Even by the narrow measure of short-and-medium-term economic efficiency and robustness, the Republican policy fails. Add in its complete indifference to long-term economic sustainability (by, for instance, mitigating global warming), distributional justice (by, for instance, ever-more insistently advocating policies which continue to concentrate ever-more wealth in ever fewer hands), and human welfare in general (by, for instance…, well, everything they stand for), and you have failure on an epic proportion, failure that will reduce our children and their children to suffering victims of a dumb ideology successfully imposed on a complacent and complicit society.

As I’ve said before on this blog (The Economic Debate We’re Not Having: http://coloradoconfluence.com/?p=247), there are legitimate and necessary debates to be had over how much and what kind of public spending, under what conditions, serves our long-term interests, and how much and what kinds harm our long-term interests, all things considered. And certainly, one of the principal things to consider is the effect it has on the robustness of the economy. I’ve linked to an op-ed piece by a Harvard economist and public policy expert who argued, in a remarkably balanced and level-headed analysis, that there’s little or nothing government can do to stimulate job creation (http://coloradoconfluence.com/?p=325); to an academic paper by another professor of economics at our own University of Colorado who argued that those public investments in public goods that are supplementary to private goods have the largest (non-keynesian) multiplier (http://coloradoconfluence.com/?p=247&cpage=1#comment-14); and to an op-ed piece by the 2008 Nobel Prize winner in economics, who railed against Republican Mitch McConnell for resorting to political extortion to hold much-needed middle-class tax relief hostage to clearly fiscally irrational tax breaks for the super-wealthy (http://coloradoconfluence.com/?p=415).

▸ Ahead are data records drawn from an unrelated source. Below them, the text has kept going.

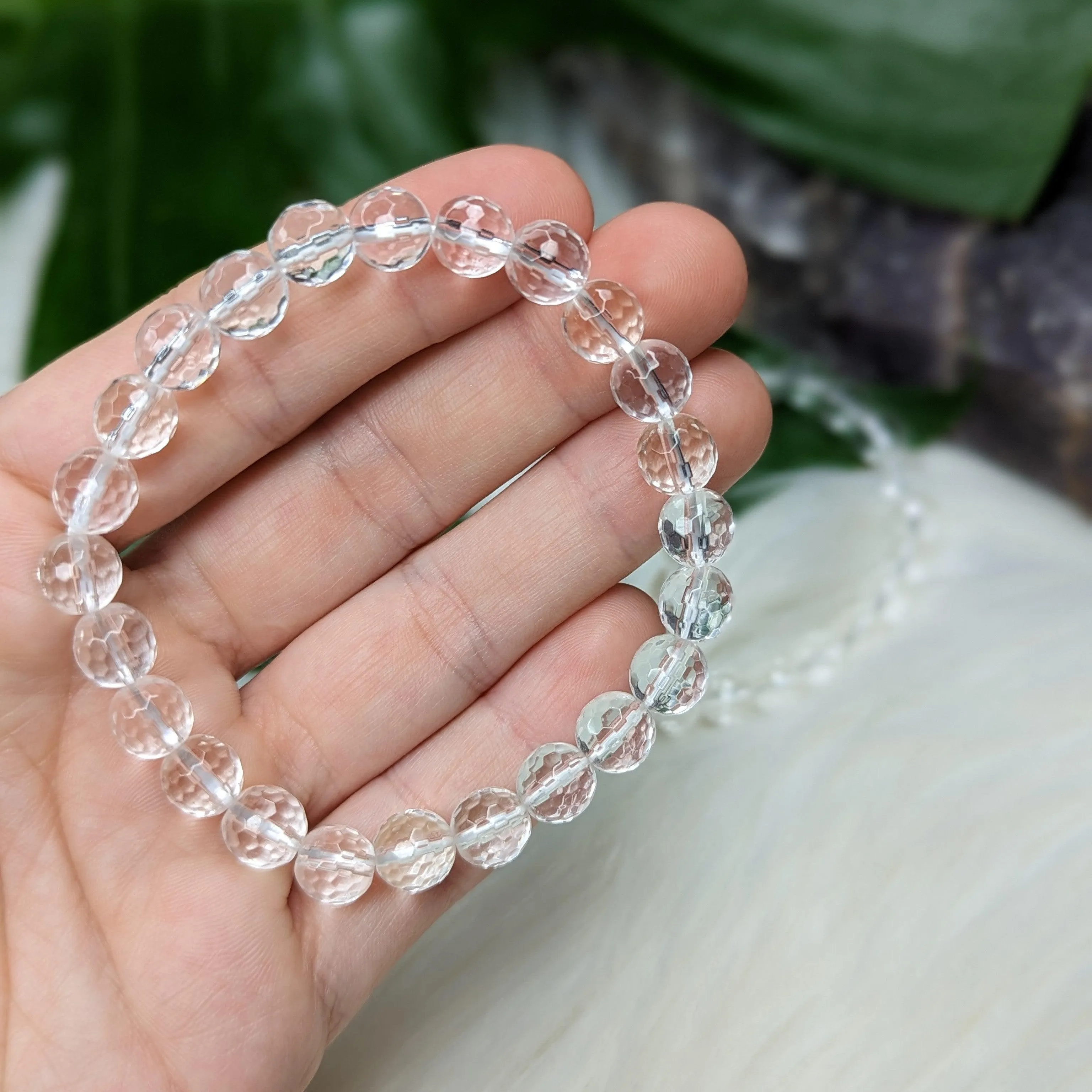 Faceted, Sparkling Clear Quartz  Stretch Bracelet ~ Stunning and Simple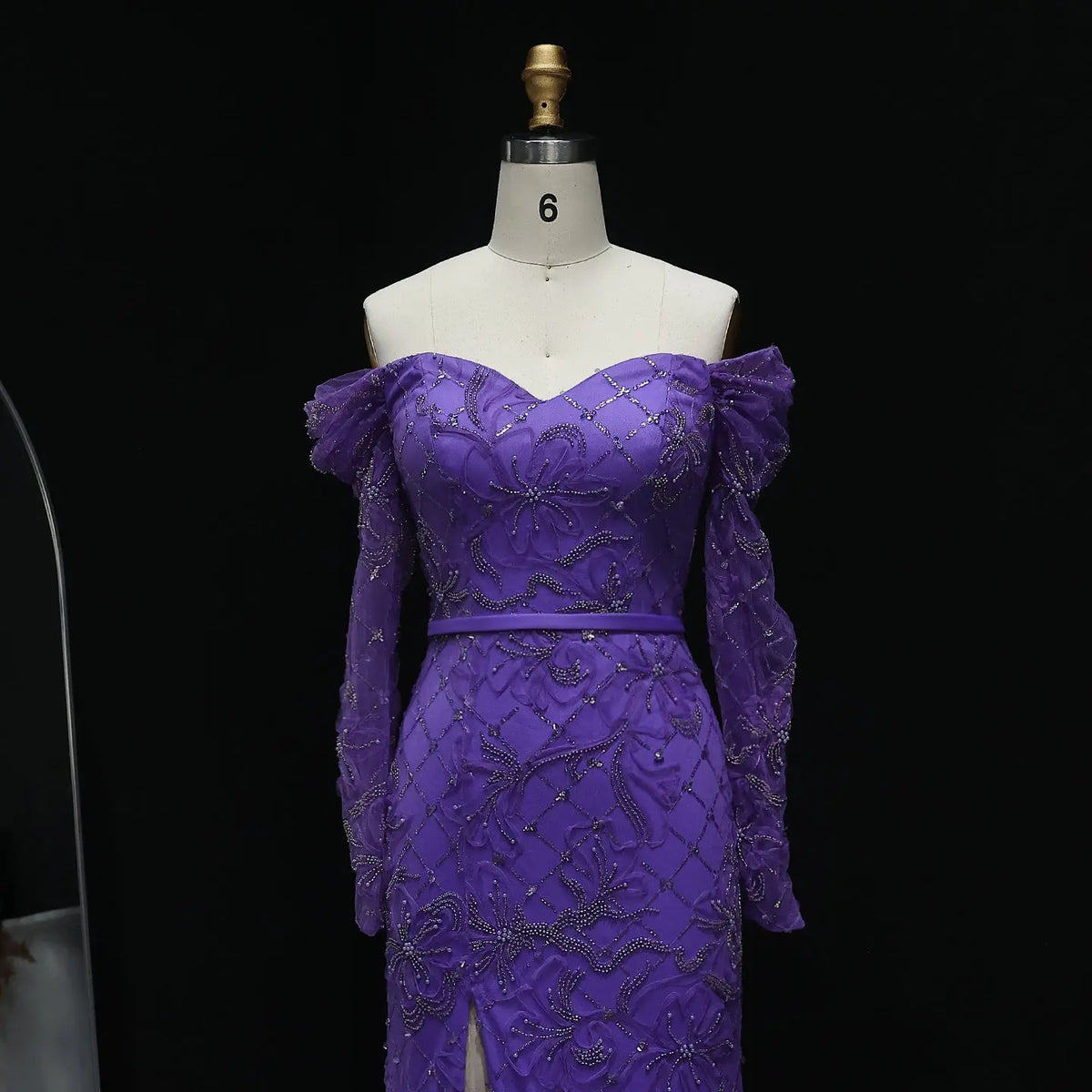 Luxury Green Beaded Sequin High-Slit Long Sleeve Prom Dress SH215 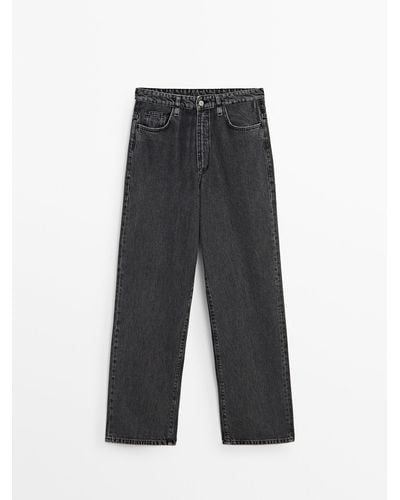 MASSIMO DUTTI Wide-Leg High-Waist Jeans - Gray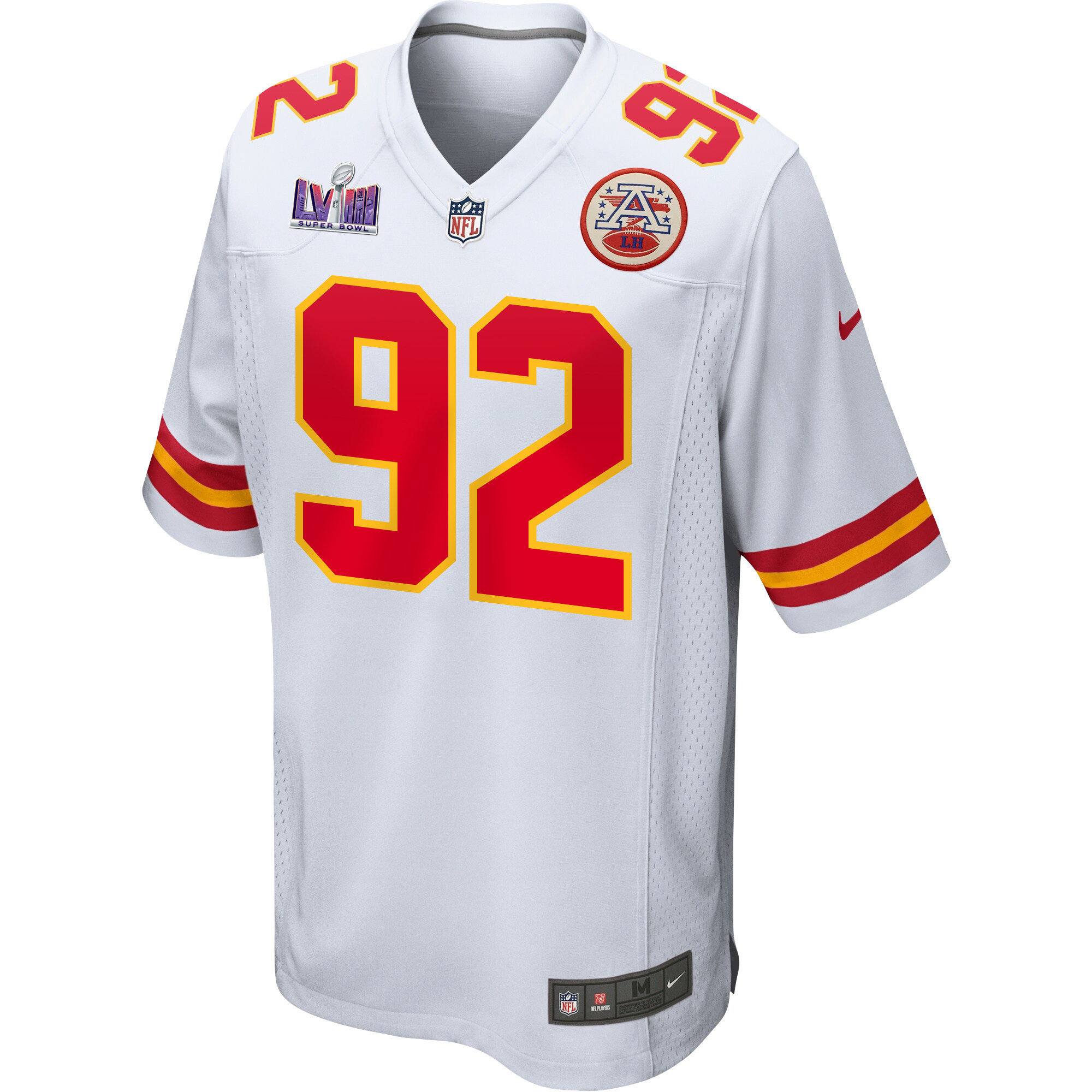 Alternative view of Neil Farrell #92 Kansas City Chiefs Super Bowl LVIII Patch Game Jersey - Men's | White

I’ve argued myself that few argue that The Great Depression wasn’t definitively ended by the most robust, public debt-creating public spending project in human history: America’s participation in World War II, as the arsenal of the free world. I’ve yet to hear anyone explain how public spending can be so inefficacious, when it was so resoundingly effective in that case.

Be that as it may, that’s the kind of debate responsible leadership should be having, rather than this economically, socially, and politically destructive sloganeering, spreading false certainties like a plague through the land, such that sweet old grannies are now spewing them today just as some sweet old grannies spewed racist epithets in generations past.

Even the free-market advocate Economist magazine noted in this weeks issue that the Tea Party “constitutional idolatry” which is paraded out as the political philosophical justification for this mantra, is “infantile” (http://coloradoconfluence.com/?p=525). When the most highly respected market oriented magazine in the world calls the ideological underpinnings of a movement that claims to be the defenders of liberty “infantile,” in a chorus accompanied by conservative economic and policy analysts stating that the GOP plain actually increases rather than reduces our deficit, you know that reason is in decreasing supply at that end of the ideological spectrum.

It’s time to grow-up, folks; or move aside, and let the grown-ups do the serious business of governing ourselves wisely.